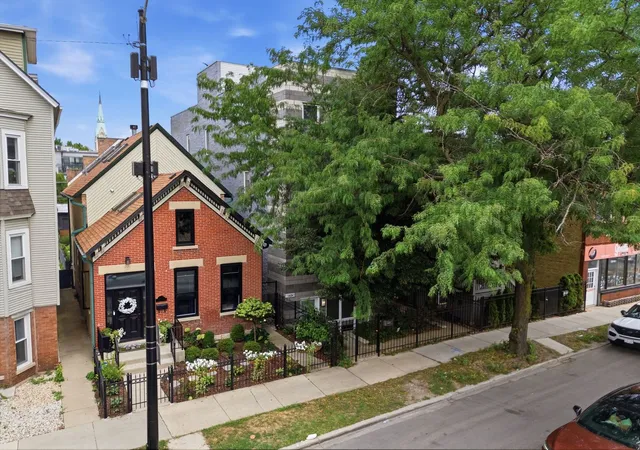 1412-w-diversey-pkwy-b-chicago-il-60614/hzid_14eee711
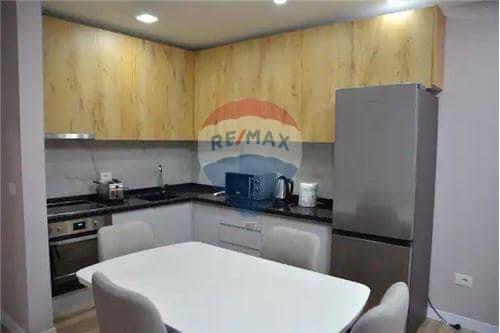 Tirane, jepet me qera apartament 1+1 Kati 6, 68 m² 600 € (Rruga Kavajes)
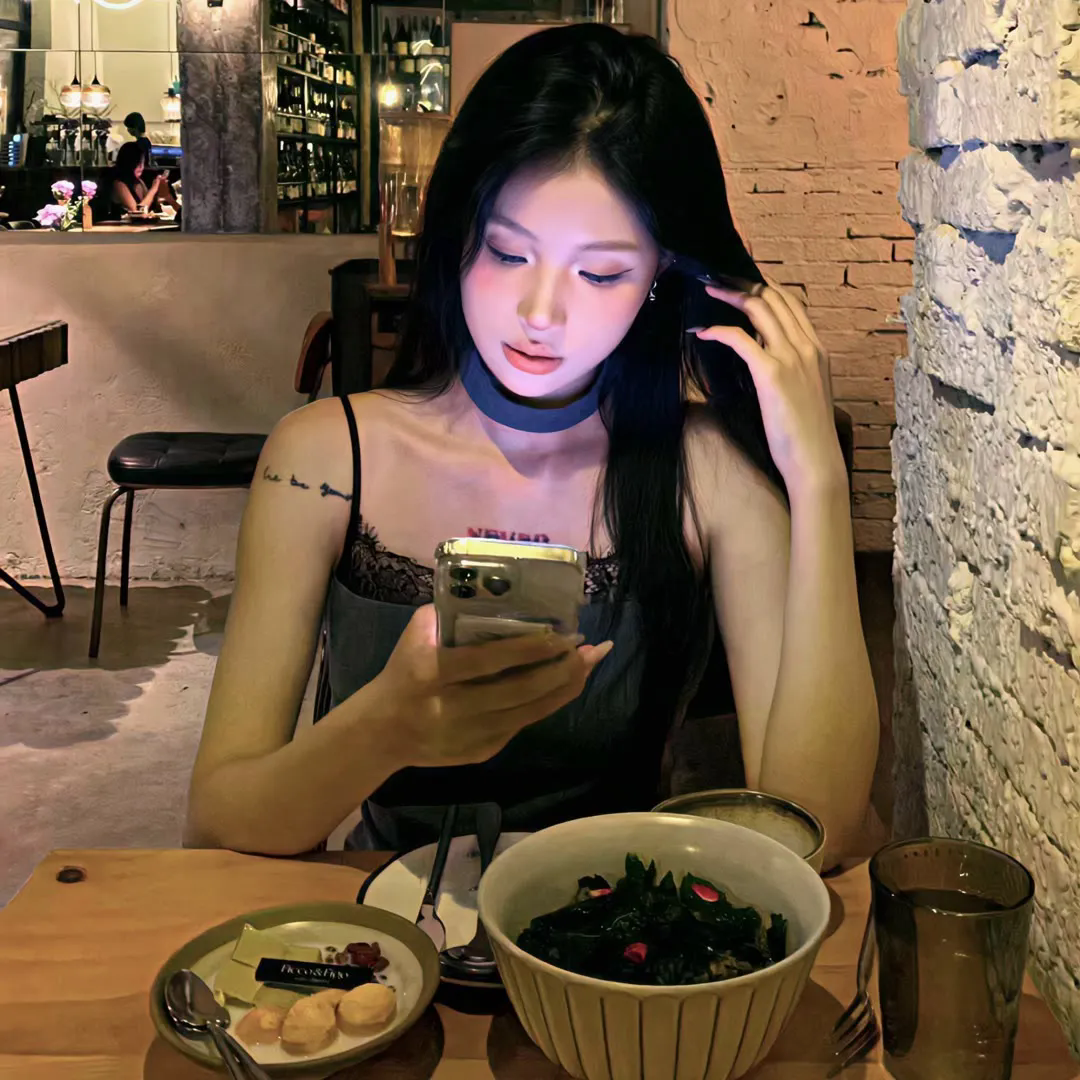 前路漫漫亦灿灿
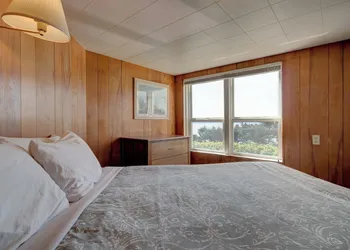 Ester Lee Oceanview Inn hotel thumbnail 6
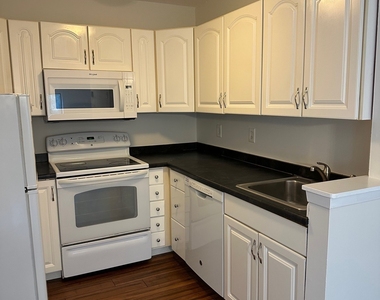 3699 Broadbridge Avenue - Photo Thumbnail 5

---

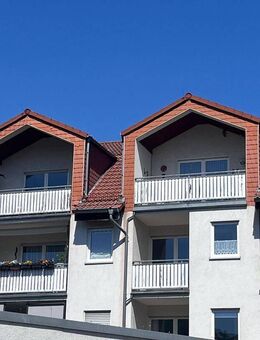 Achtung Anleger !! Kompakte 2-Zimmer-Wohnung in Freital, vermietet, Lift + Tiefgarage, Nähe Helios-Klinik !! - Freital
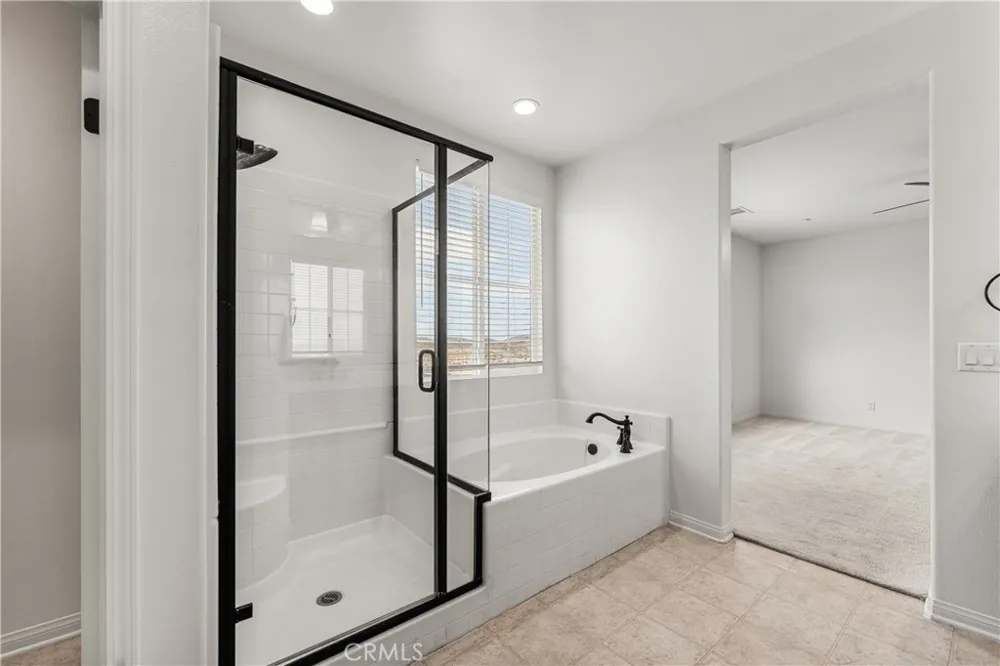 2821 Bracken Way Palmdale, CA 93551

(Try it):
Reproduce the records above exactly, but only from the line with "Ester Lee Oceanview Inn hotel thumbnail 6" up to and including the line with "3699 Broadbridge Avenue - Photo Thumbnail 5". Leave the pictures out.

(Reply):
 Ester Lee Oceanview Inn hotel thumbnail 6
 3699 Broadbridge Avenue - Photo Thumbnail 5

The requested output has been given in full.